Monday, June 12, 2006

185

we've survived a week of rain, to be rewarded with another week of rain. there was a special olympics run at the end of last week, and it was pouring. i don't have what it takes to run in the rain, so i've been stepping and riding my bike. i have a fabulous contraption that allows me to ride my bike in my living room. i rode for half of four weddings and a funeral and an entire episode of buffy the vampire slayer. i must report that riding the bike is a lot easier when you have muscles in your ass. it makes all the difference between a pleasant jaunt through sunnydale and excruciating broken tailbone pain.

i'm trying to focus on the good things today, like sprinting to the post office and back in the rain and not being out of breath, because last night we met a girl my age with two little babies and an ass half the size of mine. in the great sheme of things it matters naught that her ass is smaller than mine. the poor dear has to change diapers all day, she deserves to enjoy her small ass. it just makes me feel like a loser. for no good reason. it's not rational. it's exactly the same feeling i get when someone my age walks in and they have a house, or a fulfilling career.

it's the ever present idea that my life isn't good enough. it's completely ridiculous. i'm finally going to be out of debt, i've come to terms with my job, i'm loving running and cooking new food. what do i have to complain about? when i look at my projected savings and what i could purchase for a house...i'm not even sure i want to buy anything. i'm getting all of my nesting out on matt's house and enjoying the lessening of responsibilities. so why does it bother me that skinny people exist in the world. i feel like one of those people that protests the gay community just because they exist. i don't want to be like that. i don't want to be aggravated because someone who gave birth three months ago is that tiny. the girl is probably too busy to eat.

the bottom line is that it's no one else's fault that i don't like my body. there's no way around that blame. there's no one else that can change how i feel about myself. or how much i weigh, or exercise. how depressing. i hate being in charge. i don't even like picking the movie. but that's what this is all about right, taking charge of our lives (sounds like a lifetime movie tagline). goodluck to us all.

5 comments:

Rebecca said...

how eloquently put....

i thought i was the only person who felt that away...mad at the skinny people at the mall drinking HUMONGUOS frapp's, or hearing from my mother that a family friends son (whose younger than me) is buying a house..

oy vey...thanks for this post...

Amy said...

i wanted to reply to your post and say i don't care when you hit your goals, it's a lifetime of service this fat losing of ours and we will get there. life long habits of healthiness. but i didn't know how to say it without offending anyone. but i can be offensive on my own site, that's the fun of it. i have to believe that we will get there...eventually.

Rebecca said...

thanks!!

i think whether or not we hit OUR OWN goals, we deserve a round of applause just for attempting them..

trying and failing is better than having never tried at all!

Jennette Fulda said...

I think people always compare their lives to other people no matter how rich or successful they are.
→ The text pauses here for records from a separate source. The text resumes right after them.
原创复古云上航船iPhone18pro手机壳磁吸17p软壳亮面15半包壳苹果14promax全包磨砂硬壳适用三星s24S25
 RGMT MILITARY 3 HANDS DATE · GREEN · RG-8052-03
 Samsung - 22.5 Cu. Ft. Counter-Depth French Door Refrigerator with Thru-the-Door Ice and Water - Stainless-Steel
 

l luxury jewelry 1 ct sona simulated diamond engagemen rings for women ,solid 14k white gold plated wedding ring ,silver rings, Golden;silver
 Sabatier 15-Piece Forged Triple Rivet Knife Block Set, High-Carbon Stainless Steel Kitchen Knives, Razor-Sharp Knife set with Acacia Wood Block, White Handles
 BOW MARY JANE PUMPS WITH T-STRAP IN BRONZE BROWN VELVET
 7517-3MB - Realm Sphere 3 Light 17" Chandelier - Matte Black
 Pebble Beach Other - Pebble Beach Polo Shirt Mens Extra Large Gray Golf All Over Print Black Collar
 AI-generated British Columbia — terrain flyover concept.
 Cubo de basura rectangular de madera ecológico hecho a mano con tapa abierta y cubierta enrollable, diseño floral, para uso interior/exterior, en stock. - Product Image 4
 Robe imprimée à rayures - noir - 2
It's human. When I was staying at my aunt and uncle's this weekend I thought they had a beautiful house, a really cool van loaded with DVD and GPS, and their kids are in private school and do activities like riding lessons. But they compare themselves to other richer people who live near them who are buying houses in St. Croix on a whim (like my aunt's sister-in-law). Someone always seems to have it better.

But I also suspect people envy things about your own life and you never realize it because they don't know about the problems that come with it. Like my aunt was saying it would be nice to live in the Midwest where people wouldn't judge you so much by what you own, which is sort of true but not always. I know sometimes I envy people who are married, but I know they sometimes envy the single life too.

Also, hee! I like you analogy to thin-hating and homophobia.

Amy said...

i wonder if the definition of phobia is "it's all in your head". i like that thought too much to google it for the truth.